#### Aim of the exercise
Below are the records; repeat exactly their lines between the line holding "Here, the trend" and the line holding "Who was the", inclusive, skipping the pictures.

#### Exercise materials
------------------------------------------------------------

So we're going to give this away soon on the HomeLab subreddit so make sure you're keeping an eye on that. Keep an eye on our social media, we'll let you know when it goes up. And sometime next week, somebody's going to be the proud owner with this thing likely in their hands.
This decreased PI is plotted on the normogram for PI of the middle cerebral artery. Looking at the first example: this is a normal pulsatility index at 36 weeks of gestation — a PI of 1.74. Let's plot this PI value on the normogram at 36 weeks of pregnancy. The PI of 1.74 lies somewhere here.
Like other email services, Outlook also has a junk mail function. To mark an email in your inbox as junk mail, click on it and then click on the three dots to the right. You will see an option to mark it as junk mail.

------------------------------------------------------------

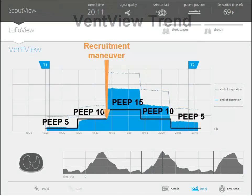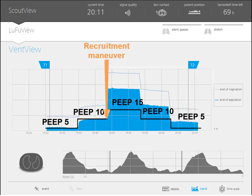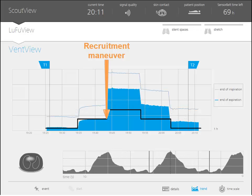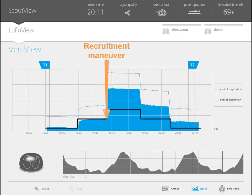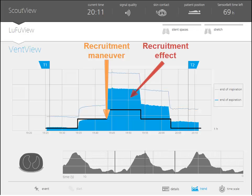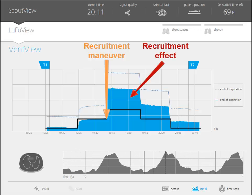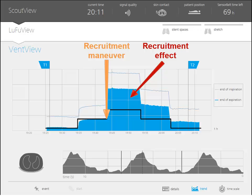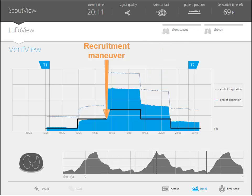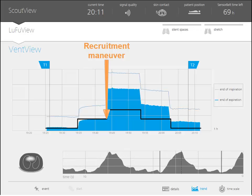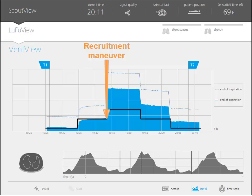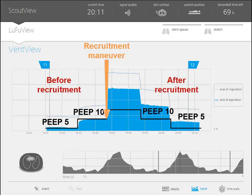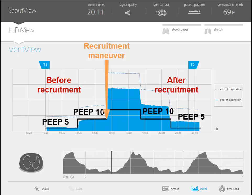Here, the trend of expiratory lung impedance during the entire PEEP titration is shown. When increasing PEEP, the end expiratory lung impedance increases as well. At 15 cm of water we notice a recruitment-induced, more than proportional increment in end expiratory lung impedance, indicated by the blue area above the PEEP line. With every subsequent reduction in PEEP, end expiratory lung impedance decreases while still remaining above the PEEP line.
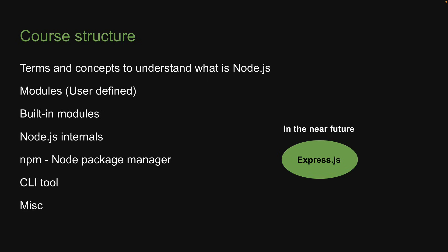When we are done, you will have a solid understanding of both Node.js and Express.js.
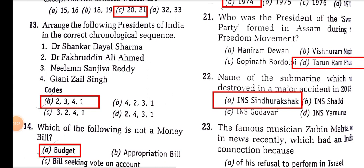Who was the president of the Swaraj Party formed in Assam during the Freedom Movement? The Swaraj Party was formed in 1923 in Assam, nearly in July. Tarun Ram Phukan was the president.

------------------------------------------------------------

#### Task result
Here, the trend of expiratory lung impedance during the entire PEEP titration is shown. When increasing PEEP, the end expiratory lung impedance increases as well. At 15 cm of water we notice a recruitment-induced, more than proportional increment in end expiratory lung impedance, indicated by the blue area above the PEEP line. With every subsequent reduction in PEEP, end expiratory lung impedance decreases while still remaining above the PEEP line.
When we are done, you will have a solid understanding of both Node.js and Express.js.
Who was the president of the Swaraj Party formed in Assam during the Freedom Movement? The Swaraj Party was formed in 1923 in Assam, nearly in July. Tarun Ram Phukan was the president.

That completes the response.